● Try it:
Reproduce word for word, from the entries below, the line with "Palacio Tondon, La Rioja Brinas", the line with "It is a lovely", and every line between them, and nothing more.

+++ Records +++

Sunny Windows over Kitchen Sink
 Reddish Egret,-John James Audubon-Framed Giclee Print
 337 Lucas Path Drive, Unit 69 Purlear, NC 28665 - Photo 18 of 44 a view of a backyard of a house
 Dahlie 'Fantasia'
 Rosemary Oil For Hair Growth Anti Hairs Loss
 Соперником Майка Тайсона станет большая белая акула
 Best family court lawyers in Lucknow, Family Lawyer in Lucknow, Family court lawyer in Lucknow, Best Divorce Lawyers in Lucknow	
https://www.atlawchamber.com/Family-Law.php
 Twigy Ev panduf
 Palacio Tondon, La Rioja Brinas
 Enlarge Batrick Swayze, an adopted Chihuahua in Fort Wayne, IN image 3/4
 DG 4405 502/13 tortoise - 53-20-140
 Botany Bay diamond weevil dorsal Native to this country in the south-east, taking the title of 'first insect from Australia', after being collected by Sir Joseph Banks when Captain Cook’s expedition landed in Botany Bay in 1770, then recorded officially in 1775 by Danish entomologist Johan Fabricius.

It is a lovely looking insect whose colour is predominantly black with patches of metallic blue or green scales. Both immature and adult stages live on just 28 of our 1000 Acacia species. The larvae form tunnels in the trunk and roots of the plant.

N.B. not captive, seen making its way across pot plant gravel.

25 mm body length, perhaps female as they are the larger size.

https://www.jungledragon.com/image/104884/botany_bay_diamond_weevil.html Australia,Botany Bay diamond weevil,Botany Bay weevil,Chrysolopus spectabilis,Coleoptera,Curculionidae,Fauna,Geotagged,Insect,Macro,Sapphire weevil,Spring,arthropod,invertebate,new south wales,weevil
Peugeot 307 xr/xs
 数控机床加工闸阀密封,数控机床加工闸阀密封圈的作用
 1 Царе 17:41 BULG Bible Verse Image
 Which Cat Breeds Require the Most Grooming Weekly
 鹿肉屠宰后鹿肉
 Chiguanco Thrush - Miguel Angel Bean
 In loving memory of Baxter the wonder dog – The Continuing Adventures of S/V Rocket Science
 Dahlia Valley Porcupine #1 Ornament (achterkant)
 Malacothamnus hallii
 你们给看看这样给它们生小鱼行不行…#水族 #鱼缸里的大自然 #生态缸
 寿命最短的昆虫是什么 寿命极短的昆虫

+++

● Your solution:
 Palacio Tondon, La Rioja Brinas
 Enlarge Batrick Swayze, an adopted Chihuahua in Fort Wayne, IN image 3/4
 DG 4405 502/13 tortoise - 53-20-140
 Botany Bay diamond weevil dorsal Native to this country in the south-east, taking the title of 'first insect from Australia', after being collected by Sir Joseph Banks when Captain Cook’s expedition landed in Botany Bay in 1770, then recorded officially in 1775 by Danish entomologist Johan Fabricius.

It is a lovely looking insect whose colour is predominantly black with patches of metallic blue or green scales. Both immature and adult stages live on just 28 of our 1000 Acacia species. The larvae form tunnels in the trunk and roots of the plant.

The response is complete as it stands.